Depiction of the ancient fable writer Aesop in the Latin-German "Edelstein" manuscript Munich around 1450.
Over the past few months, the project team has now transcribed a total of nine editorially relevant text witnesses using the AI-based text recognition software "eScriptorium". They were then converted into a format for virtual visualization by specially developed processing programs at Heidelberg University Library that follows the internationally valid standards of the "Text Encoding Initiative" (TEI) in literary studies. In this way, the textual witnesses can not only be used digitally in the most faithful form of transmission, but can also be juxtaposed synoptically, i.e. with exact verse accuracy. "This makes it possible to understand what changed in terms of content and language over the course of the text's history", explains Christina Patz. The digital facsimiles can also be switched on synoptically: "This is a considerable added value of the digital presentation form, which makes it possible to get an overview of the range of all manifestations of the Gemstone", emphasizes Gerd Dicke. Also to be included in the synopsis is the collection text edited on the basis of three manuscripts, in which the language has been carefully standardized and minor errors corrected. Orthographic and dialectal variants – such as lewe, löuwe or lœwe – have been "normalized" - löwe (lion) – thus making the collection text searchable and linkable to Middle High German dictionaries.

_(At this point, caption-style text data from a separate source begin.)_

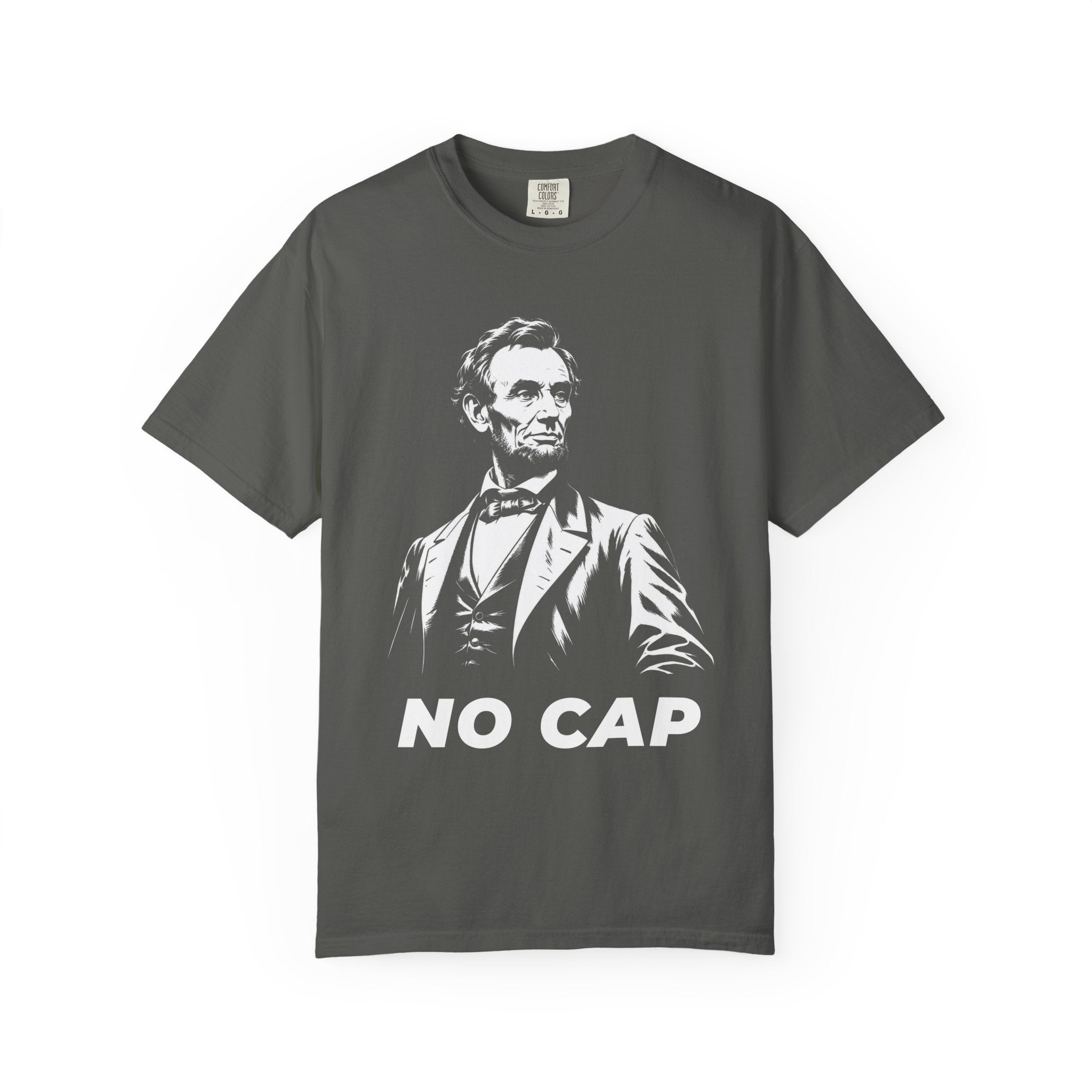 Abraham Lincoln “No Cap” Graphic T-Shirt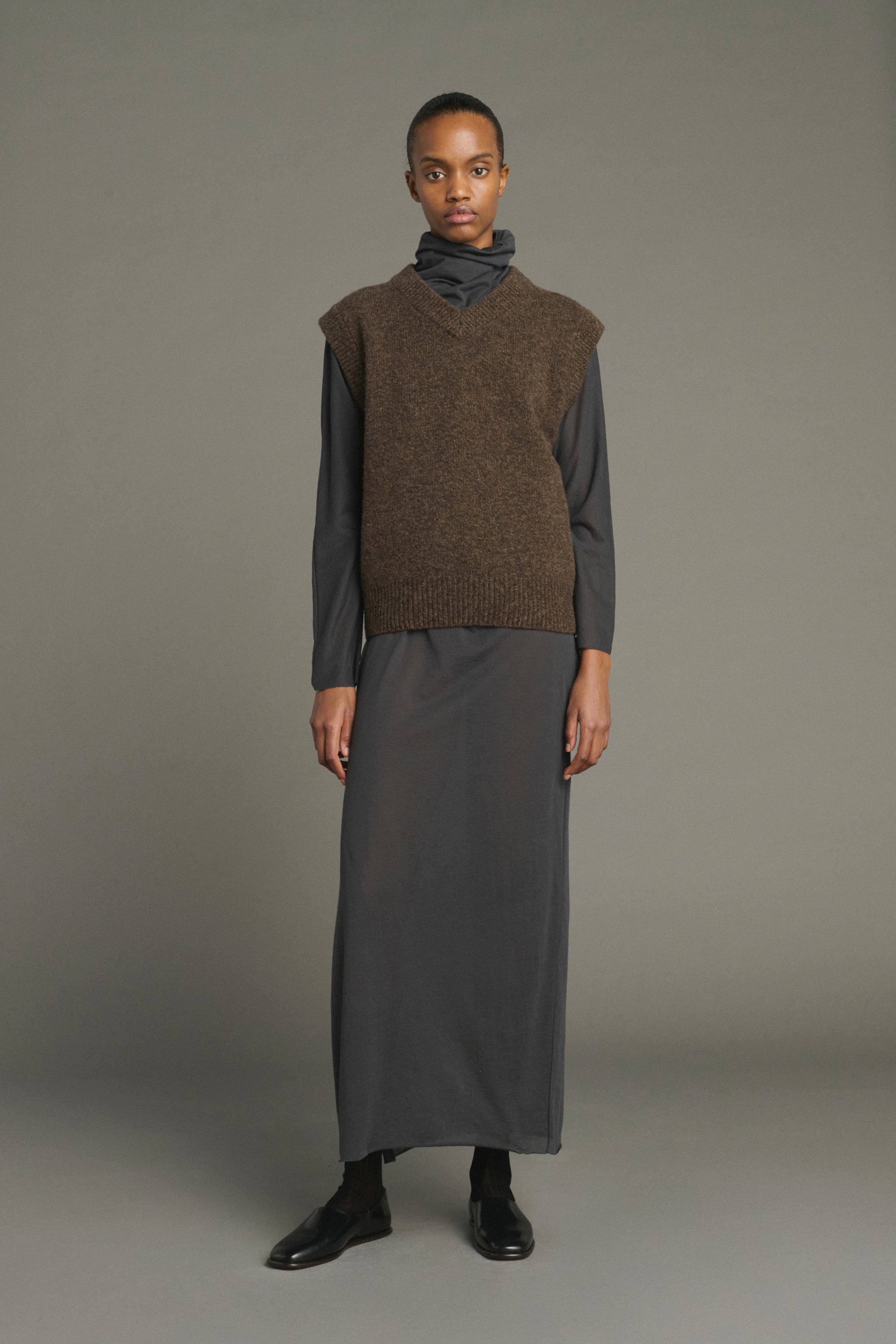Sweater KARL Brown Heathered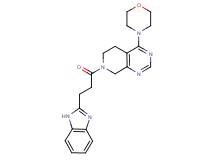 7-[3-(1H-benzimidazol-2-yl)propanoyl]-4-morpholin-4-yl-5,6,7,8-tetrahydropyrido[3,4-d]pyrimidine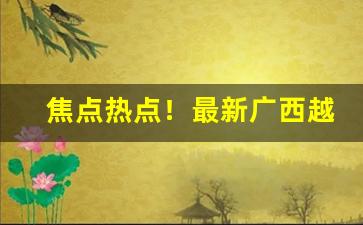 焦点热点！最新广西越南私香烟货源“佛口蛇心”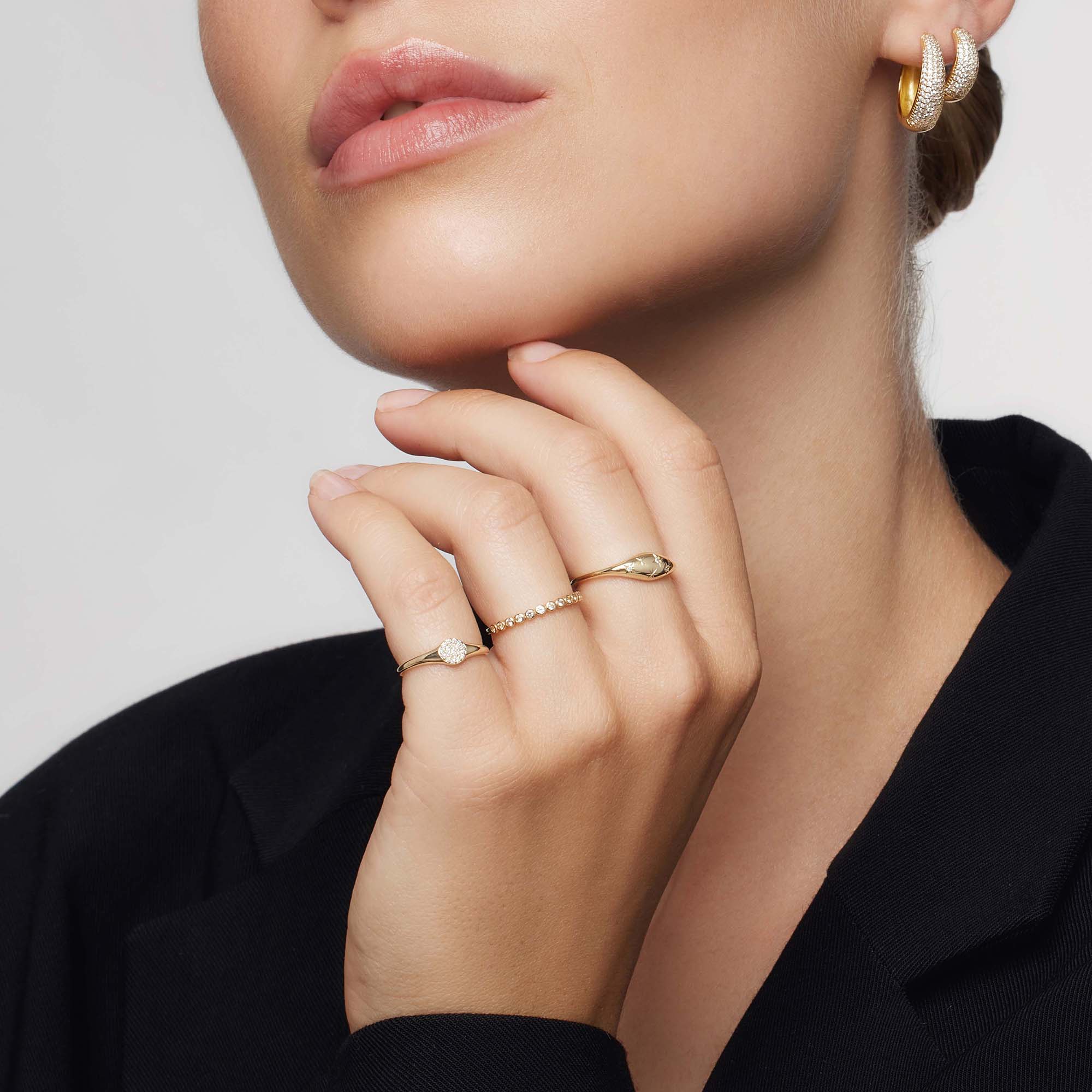 Guldring med diamant i elegant stil - Den perfekte forlovelsesring 3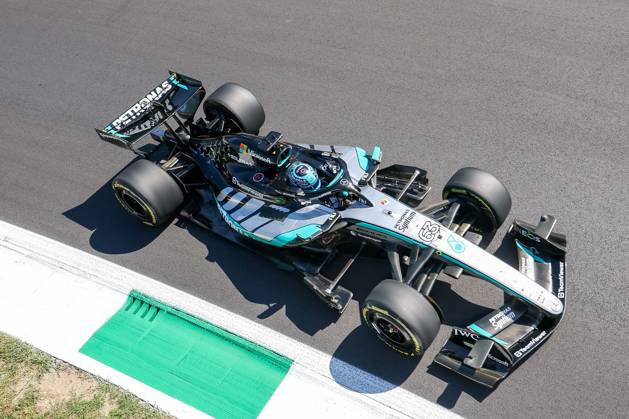 George Russell, Mercedes AMG Petronas 63, Free Practice 1, Italian Grand Prix, Motorsports, Men, Formula 1, September 4, 2026, Monza, Lombardy, Italy Copyright: xkolbert-press ChristianxKolbertx
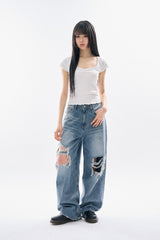 Fable slim ribbed tee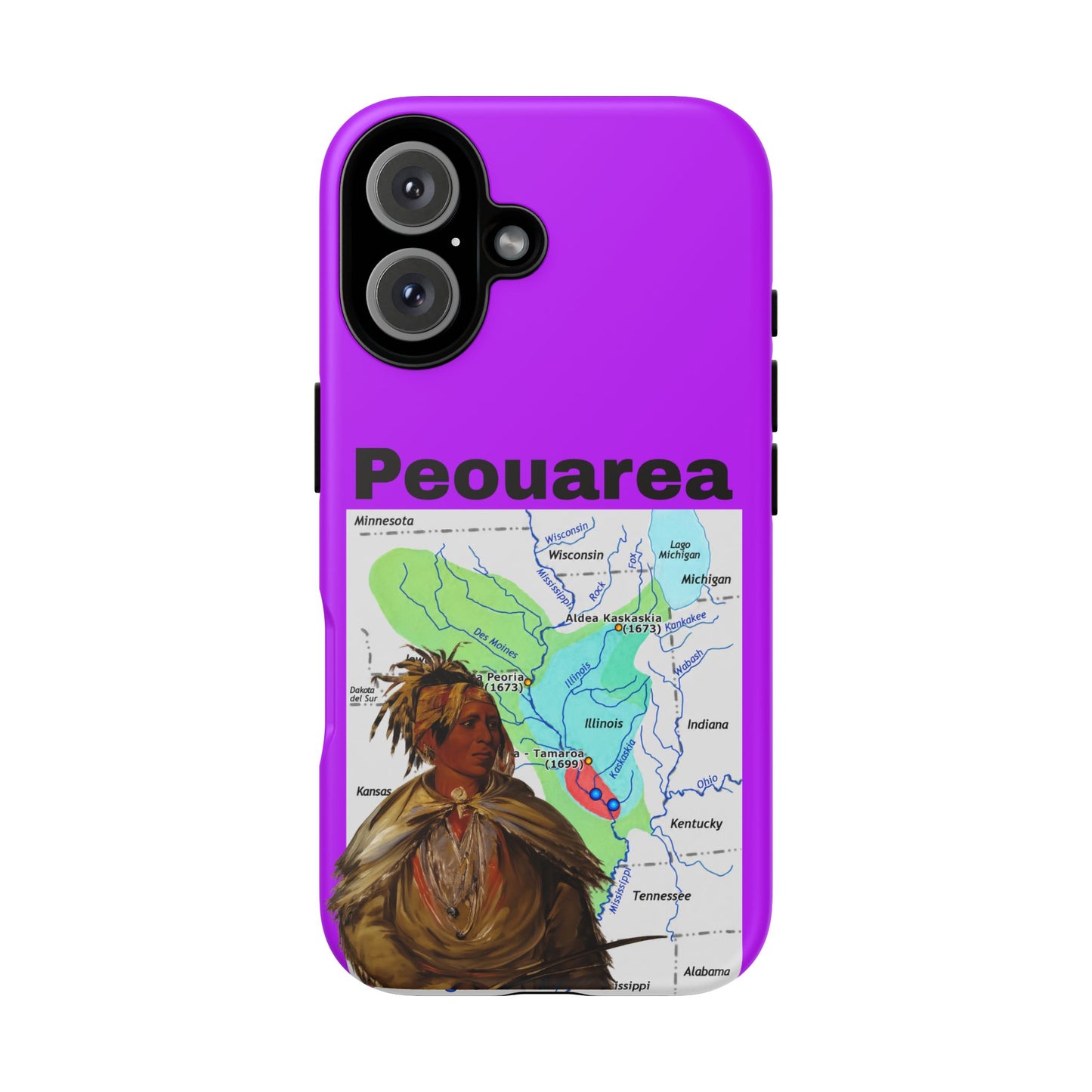 Peoria Phone Case — 'Peouarea' Dreamcatcher Shield Design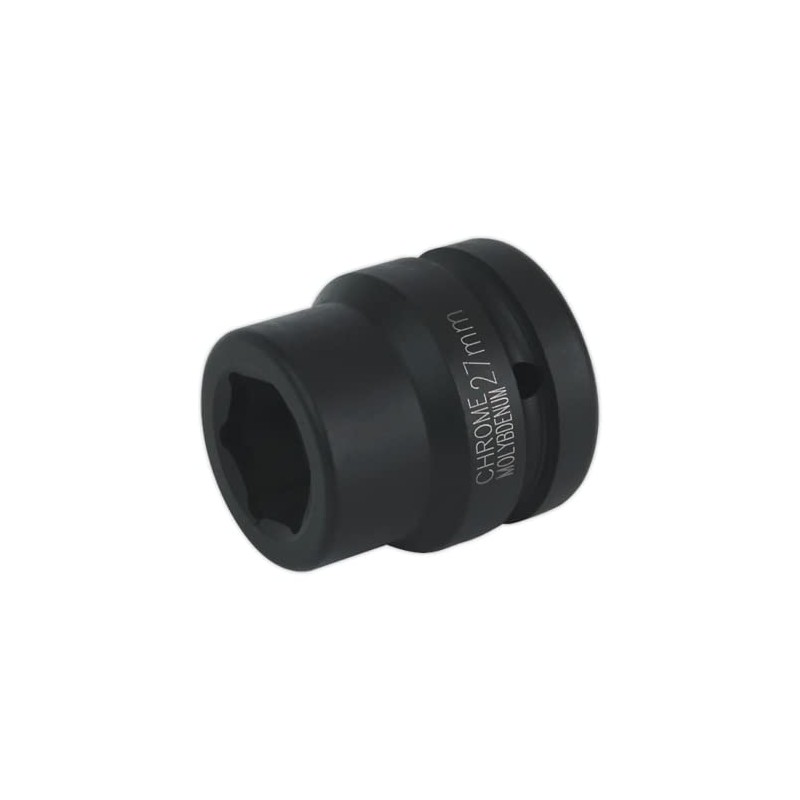Sealey IS127 Impact Socket, 1" Square Drive, 27mm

The first phase of the DFG-funded project will be completed at the beginning of 2027 and the "Edelstein" will be digitally accessible in all its surviving versions, as well as comparable and searchable in the text-historically central variants. In a planned second funding phase, the sources of the "Edelstein" texts - Latin school manuscripts and Dominican sermon manuals - will be catalogued and annotated. There are also plans to systematically process the rich pictorial tradition of around 1350 illustrations.